I think we should try to do the main theorems of single-variable real calculus, but "naturally generalized" to fit the definitions of derivative and integral currently in mathlib

#### Mario Carneiro (Oct 11 2019 at 01:09):

A lot of statements don't even generalize that much, e.g. mean value theorem and FTC

#### Mario Carneiro (Oct 11 2019 at 01:10):

We have working definitions of both integral and derivative now

#### Mario Carneiro (Oct 11 2019 at 01:11):

I recall Paula working on the univariate derivative, I'm not sure whether that got merged

#### Mario Carneiro (Oct 11 2019 at 01:13):

The thing about differentiating a power series seems a bit technically subtle, and I would be inclined to wait until we have an application that can guide the form of the statement

#### Miguel Raz Guzmán Macedo (Oct 11 2019 at 02:33):

Beautiful, thank you very much @Kevin Buzzard . I think I'll start with some Spivak theorems and see what crops up.

Also, am I remembering correclty that @Patrick Massot is the person behind the beautiful script that renders lean code into websites with clickable /hideable Lean code? If I ever give a class, that's how it's gonna look...

#### Sebastien Gouezel (Oct 11 2019 at 05:36):

What's the situation now? Sebastien Gouezel you probably also know how all this works.
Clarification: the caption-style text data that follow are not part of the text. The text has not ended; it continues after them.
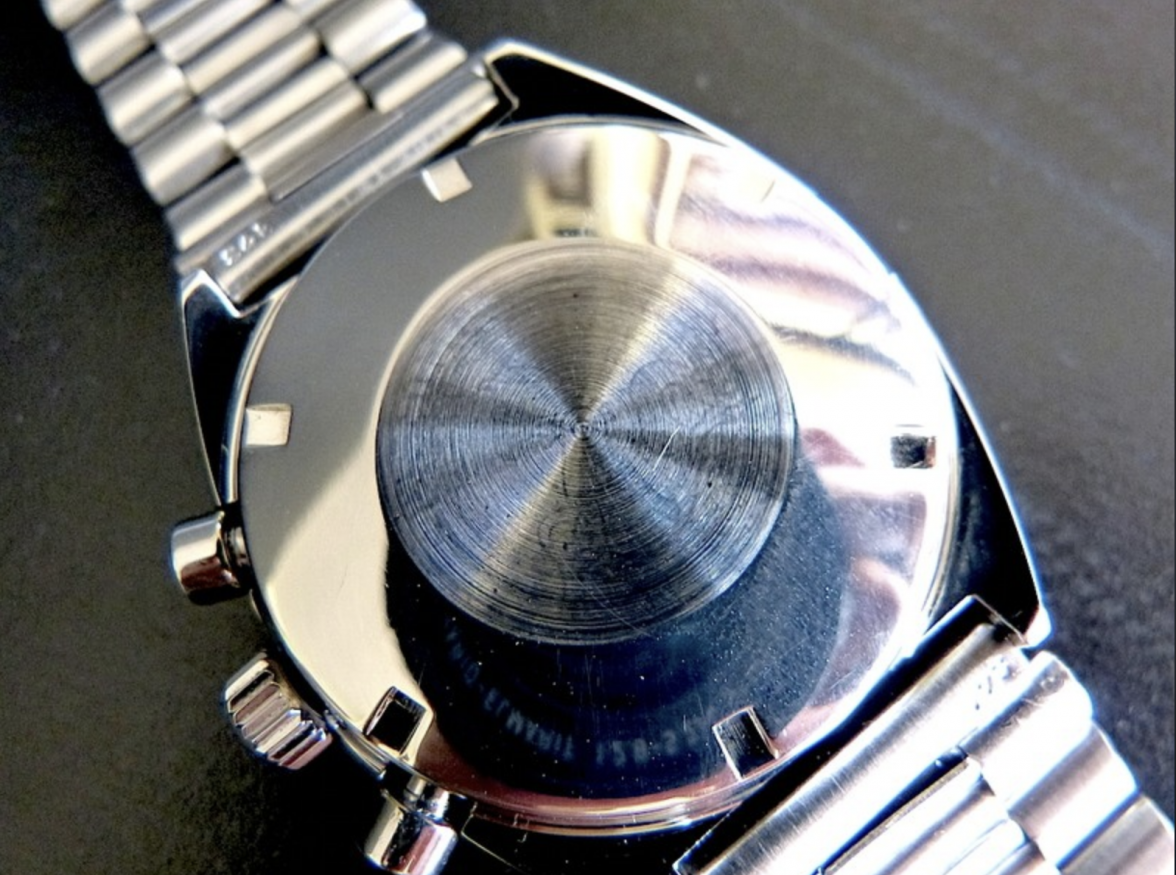 Screen Shot 2019-09-05 at 8.53.09 PM.png Screen Shot 2019-09-05 at 8.53.09 PM.png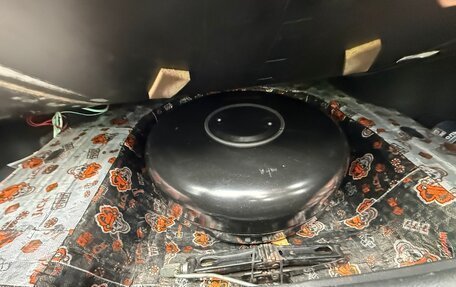 Nissan Almera, 2015 год, 800 000 рублей, 16 фотография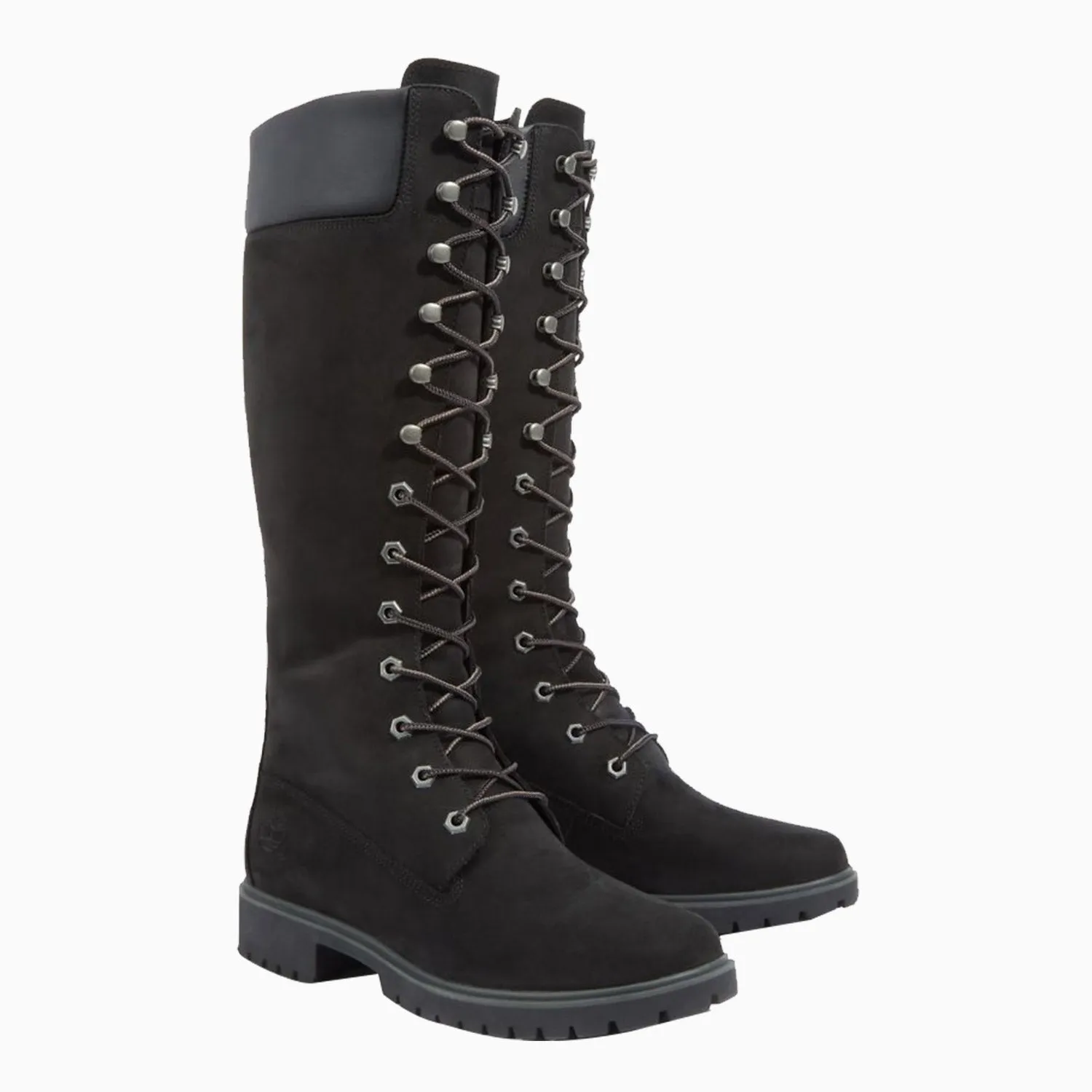 Women's Premium 14-Inch Waterproof Boot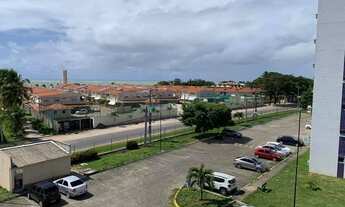 Imagem 4: Apartamento para venda - Porto Antilhas - em Nossa Senhora do Ó - Paulista - PE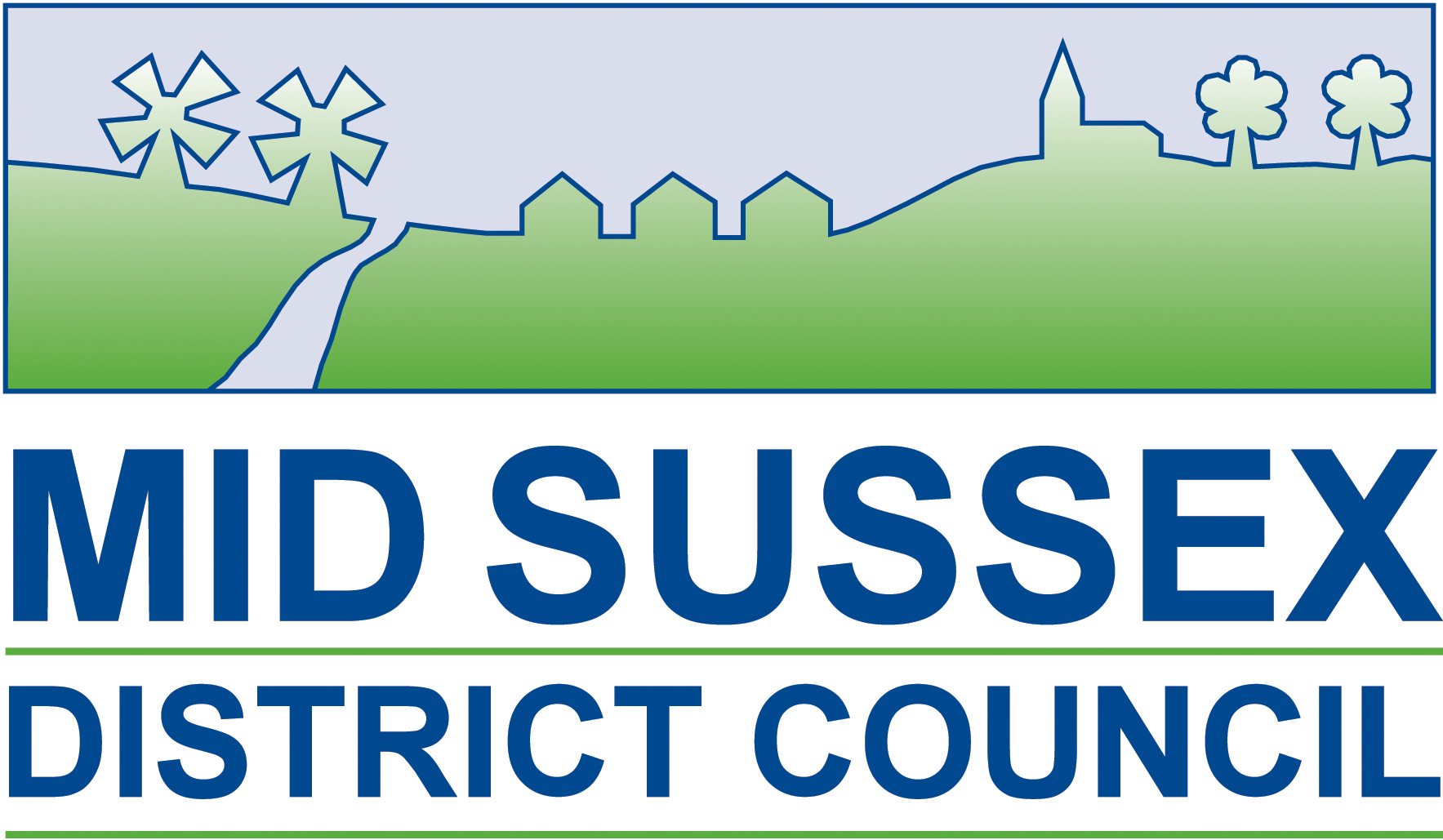 Whats the latest with this project? Centre for Outdoor Sport Mid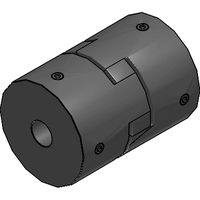 CL17-82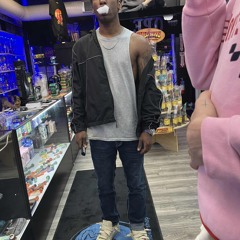 decievin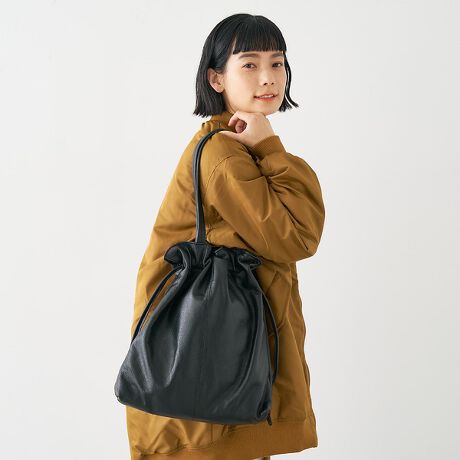 [^ԁF60510220003]sPOINTtВ^ɂg[gɂȂA\L2WAYobOB̃h[XgOiƂӂƂ̓IȃtHɁALƂƂg[gVGbgɕω܂B_炩U[fނŁAyA|₷߂̃nh|CgBVvȃfUCŃV[YXɎg閜\obOłBE}OlbgJEɃI[v|Pbg~1At@Xi[|Pbg~1EA4TCYΉ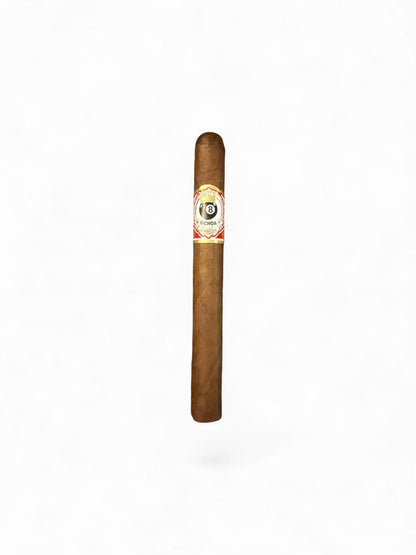 Ochoa Churchill — 50 x 7 Habano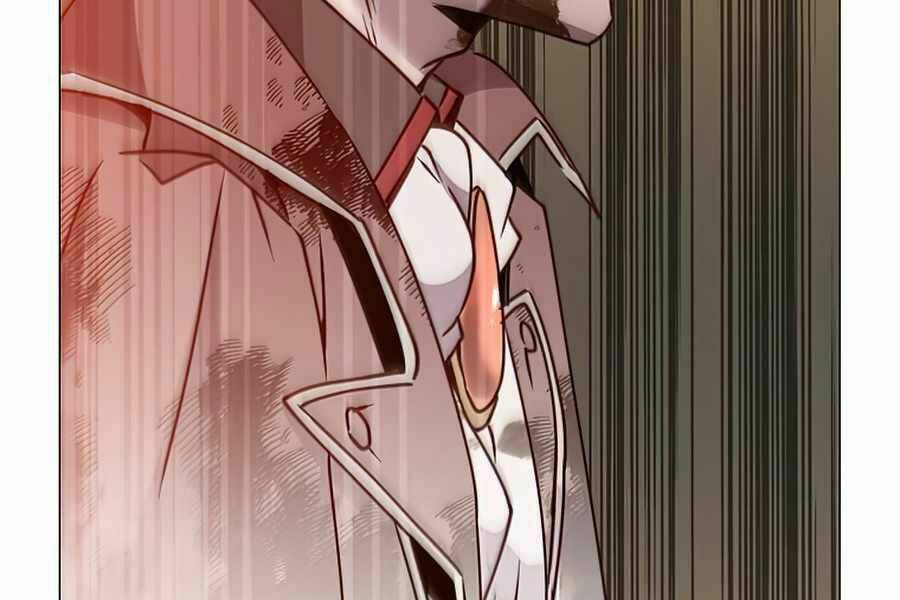 Anh Hùng Mạnh Nhất Trở Lại - Chapter 66 - Page 232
The general derivative of a map `E -> F`

, as a map from `E`

to the continuous linear maps from `E`

to `F`

, is formalized in `analysis/calculus/deriv.lean`

, and is called `fderiv`

(and `fderiv_within`

when restricted to within some subset). When `E`

is the scalar base field, continuous linear maps from `E`

to `F`

are canonically identified with `F`

(by taking the value at `1`

), giving rise to the undergrad notion of a derivative. This has not been defined yet in mathlib, and it should be (but not restating the definition from scratch, just using the above identification).

#### Patrick Massot (Oct 11 2019 at 08:21):

Yes, it's probably a good beginner project to downscale the general theory of differentiable maps to the one-dimensional case.